The Known Advices
“Anything that can stop this. I quit.”
“JEE can’t be that hard. After all, I remember,
you had chosen it quite willingly.”
“there are a lot many things in life that one properly
knows only after one has chosen them.”
“You mean the government?”
“Oh – off with your government jokes. It seems that
all you do is criticize the government and nothing else.”
“Well, there isn’t anything else to defame, what would
I do?”
“Listen to people. Anyway, I am willing to leave the
entire world if it gets me out of this.”
“Way to go. How hard is it? I mean JEE.”
“See – if you have ever heard of the term – I don’t
know the exact word – but it implies extreme effort that awaits null results –
that could be a reflection of what JEE is.
You strain your eye to a degree where even sight
becomes a challenge, and then you expend those pitiful eyes to see that you are
at the bottom of the class in every test. Basically, it trains you to except
the worst of life.”
“But I might ask – if every one faces these issues,
how come people come first, second, or even average?”
“You see – it’s only you. If you are a little
bit more meagre than the rest, then you fall. Raise your intelligence to a
slightly higher value, and you become average. And if God permits your request
to barter your brain with Newton’s, then you might get a good rank, but that
depends a lot on how you can copy.”
“Do you?”
“No… I am one of those ethical pawns who get the least
out of life.”
“Might I suggest a solution to your uneventful life?”
“If you could, pray do… but I highly doubt anything
you say will be of importance.”
“Withdraw from self-indulgence.”
“What?”
“You are floating over yourself as if it were God when
one is desperate, or a relative bearing strides. And because your circumstance
is no far from pity, I suggest you do not think about yourself.”
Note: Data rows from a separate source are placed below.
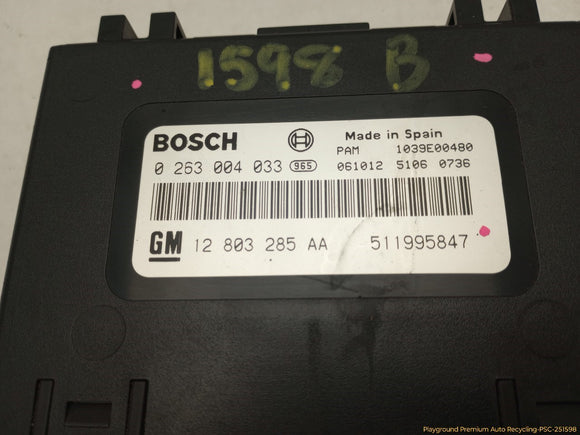 Saab 9-3 Parking Assist Control Module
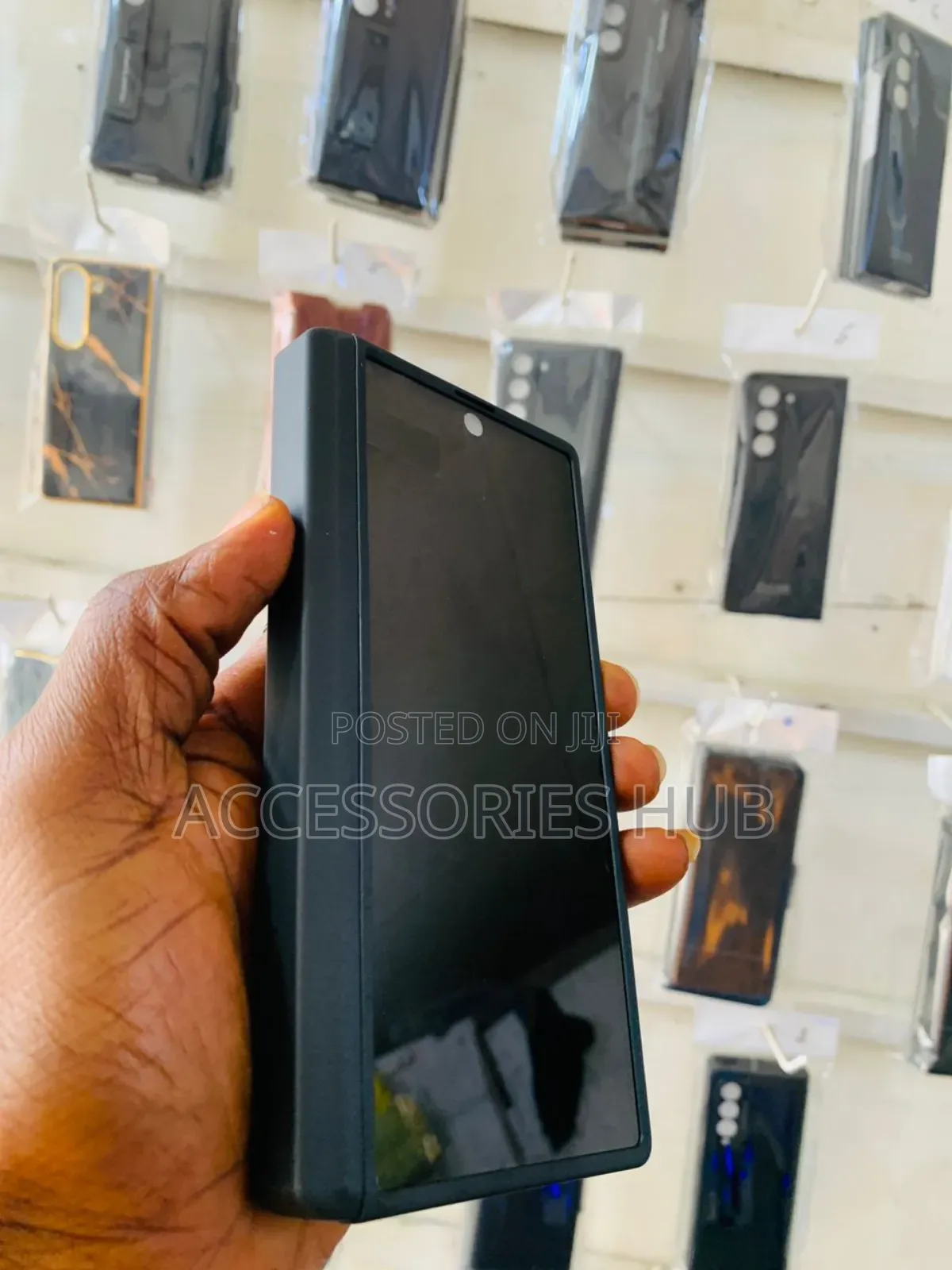 Z Fold 6 Case With A Pen Slot And Inbuilt Protector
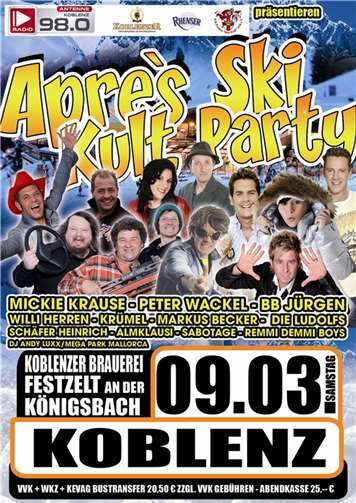 Apres Ski Kult Party 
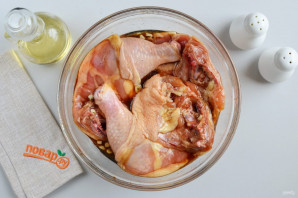 Мясо с картошкой в духовке Мясо с картошкой в духовке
“And if I do, I’ll call you.”
It sighed. I had a ridiculously odd feeling that this
wasn’t how it should behave.
“I am sorry I proved to be a disappointment to you, I
couldn’t do more, I couldn’t do less, my eyes are burning in their sockets and
all I am wondering is whether I can make a dime to survive.”
“Relax. Health and success aren’t related.”
It sighed again. I might start worrying whether it
will leave me. But then, these things never do.
“Tell me. My main concern is – they exhaust all their
fuel in work – I exhaust all mine in distress, it pains me to thrive, yet only
pain yields progress.”
“Pain is prejudiced – it strikes only those whom it
wants to enhance – pain is the benefactor, and pleasure is the borrower – pain
hails motion, and leisure decelerates the path. The fact that you are hurting
is an instance of how pain hails potential.”
“You needn’t explain it in the way I asked. But then,
you are me.”
“Of course. All my life, I have wondered, whether all
you can do is ask me questions and then I realize, all I am capable of,
is answering them. There is a balance between us. You and me. And there has to
be a balance between you, and your studies. One gives something and one takes
another. You throw in some strain, and it imparts knowledge.”
“Then how come it is one-way around?”
“One way is a path when it is not being walked upon as
it wishes to. But when you talk about JEE, I doubt whether the science of normal
roads applies here.
JEE is meant to be as further away from accomplishment
as possible. The fact that you have the guts to attempt it proves
courage. Well, the best thing is to not think about what you did, and
think about what you will do.”
“I am certain I can make something of this, yet I
don’t know what. It could be an apple pie, for God’s sake!”
It didn’t sigh this time. It stared at me, as if one
hints at ending an argument. I doubted whether this was the last time it would
talk to me. But then, it was always there.
I drifted away from the mirror. It wasn’t of any good.
All it’s given me is advices that I already know.